→ **Extracted records**
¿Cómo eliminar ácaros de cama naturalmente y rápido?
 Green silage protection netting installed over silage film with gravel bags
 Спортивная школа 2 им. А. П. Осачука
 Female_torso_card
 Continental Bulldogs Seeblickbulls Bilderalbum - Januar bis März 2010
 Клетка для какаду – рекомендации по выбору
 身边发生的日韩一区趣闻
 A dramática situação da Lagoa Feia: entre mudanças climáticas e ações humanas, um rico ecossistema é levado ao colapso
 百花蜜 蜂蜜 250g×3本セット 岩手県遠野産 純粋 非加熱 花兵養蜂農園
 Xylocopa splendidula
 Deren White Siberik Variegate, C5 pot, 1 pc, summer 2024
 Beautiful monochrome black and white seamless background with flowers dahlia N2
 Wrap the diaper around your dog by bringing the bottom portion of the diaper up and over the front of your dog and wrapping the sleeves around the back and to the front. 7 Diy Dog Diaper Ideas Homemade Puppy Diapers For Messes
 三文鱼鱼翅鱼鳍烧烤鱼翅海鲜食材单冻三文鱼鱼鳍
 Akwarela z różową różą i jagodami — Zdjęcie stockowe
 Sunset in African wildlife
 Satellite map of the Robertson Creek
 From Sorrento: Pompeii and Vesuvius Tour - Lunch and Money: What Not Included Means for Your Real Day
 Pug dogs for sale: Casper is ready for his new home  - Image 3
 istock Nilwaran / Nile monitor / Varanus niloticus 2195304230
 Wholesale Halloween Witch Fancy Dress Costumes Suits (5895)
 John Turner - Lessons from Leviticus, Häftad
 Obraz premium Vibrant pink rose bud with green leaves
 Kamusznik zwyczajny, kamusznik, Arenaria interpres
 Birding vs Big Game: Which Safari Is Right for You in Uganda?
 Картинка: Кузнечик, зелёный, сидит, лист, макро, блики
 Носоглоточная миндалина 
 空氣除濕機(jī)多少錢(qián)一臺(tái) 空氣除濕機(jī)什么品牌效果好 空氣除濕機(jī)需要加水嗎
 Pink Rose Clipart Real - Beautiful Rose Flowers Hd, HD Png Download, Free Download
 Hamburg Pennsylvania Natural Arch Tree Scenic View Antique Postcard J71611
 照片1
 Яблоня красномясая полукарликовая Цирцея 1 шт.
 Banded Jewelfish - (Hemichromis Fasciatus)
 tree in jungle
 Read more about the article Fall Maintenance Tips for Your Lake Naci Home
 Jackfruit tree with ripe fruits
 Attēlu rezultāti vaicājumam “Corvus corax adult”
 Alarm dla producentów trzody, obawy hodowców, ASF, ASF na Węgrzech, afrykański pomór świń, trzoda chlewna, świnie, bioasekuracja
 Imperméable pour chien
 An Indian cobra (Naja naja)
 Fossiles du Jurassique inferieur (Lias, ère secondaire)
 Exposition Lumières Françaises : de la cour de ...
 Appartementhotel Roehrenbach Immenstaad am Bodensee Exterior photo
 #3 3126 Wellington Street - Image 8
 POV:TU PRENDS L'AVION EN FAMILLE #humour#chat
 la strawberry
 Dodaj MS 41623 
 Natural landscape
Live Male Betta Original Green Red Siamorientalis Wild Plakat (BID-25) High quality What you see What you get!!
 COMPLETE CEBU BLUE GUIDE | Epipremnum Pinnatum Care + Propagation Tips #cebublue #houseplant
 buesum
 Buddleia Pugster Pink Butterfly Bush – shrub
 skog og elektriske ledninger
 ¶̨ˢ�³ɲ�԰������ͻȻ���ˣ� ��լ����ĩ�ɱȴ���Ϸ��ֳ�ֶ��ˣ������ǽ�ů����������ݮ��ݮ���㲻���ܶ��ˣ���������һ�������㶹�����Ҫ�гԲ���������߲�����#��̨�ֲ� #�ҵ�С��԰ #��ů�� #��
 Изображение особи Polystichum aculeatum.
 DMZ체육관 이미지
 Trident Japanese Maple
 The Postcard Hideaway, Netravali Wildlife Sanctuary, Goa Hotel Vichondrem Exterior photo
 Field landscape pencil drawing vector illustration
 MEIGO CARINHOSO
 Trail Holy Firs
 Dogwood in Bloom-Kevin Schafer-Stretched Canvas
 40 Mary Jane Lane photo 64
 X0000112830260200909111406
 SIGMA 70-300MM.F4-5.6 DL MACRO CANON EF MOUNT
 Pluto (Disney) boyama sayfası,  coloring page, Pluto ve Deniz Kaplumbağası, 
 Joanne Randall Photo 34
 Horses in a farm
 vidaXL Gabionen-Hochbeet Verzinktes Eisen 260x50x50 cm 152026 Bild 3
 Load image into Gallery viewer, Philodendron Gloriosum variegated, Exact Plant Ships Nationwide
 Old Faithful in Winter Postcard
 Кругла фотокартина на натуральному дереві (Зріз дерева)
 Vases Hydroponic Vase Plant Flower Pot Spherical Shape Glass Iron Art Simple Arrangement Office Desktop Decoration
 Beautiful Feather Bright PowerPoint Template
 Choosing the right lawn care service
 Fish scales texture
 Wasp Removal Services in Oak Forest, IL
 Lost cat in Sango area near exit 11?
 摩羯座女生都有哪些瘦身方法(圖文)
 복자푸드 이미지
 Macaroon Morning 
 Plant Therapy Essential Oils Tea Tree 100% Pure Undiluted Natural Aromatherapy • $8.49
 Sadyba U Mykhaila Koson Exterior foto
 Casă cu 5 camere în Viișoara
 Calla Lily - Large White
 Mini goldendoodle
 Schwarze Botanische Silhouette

→ **WHAT THE TASK REQUIRES**
If a line in the data contains the string "Tips", copy it.

→ **RESPONSE TO THIS EXERCISE**
 Read more about the article Fall Maintenance Tips for Your Lake Naci Home
 COMPLETE CEBU BLUE GUIDE | Epipremnum Pinnatum Care + Propagation Tips #cebublue #houseplant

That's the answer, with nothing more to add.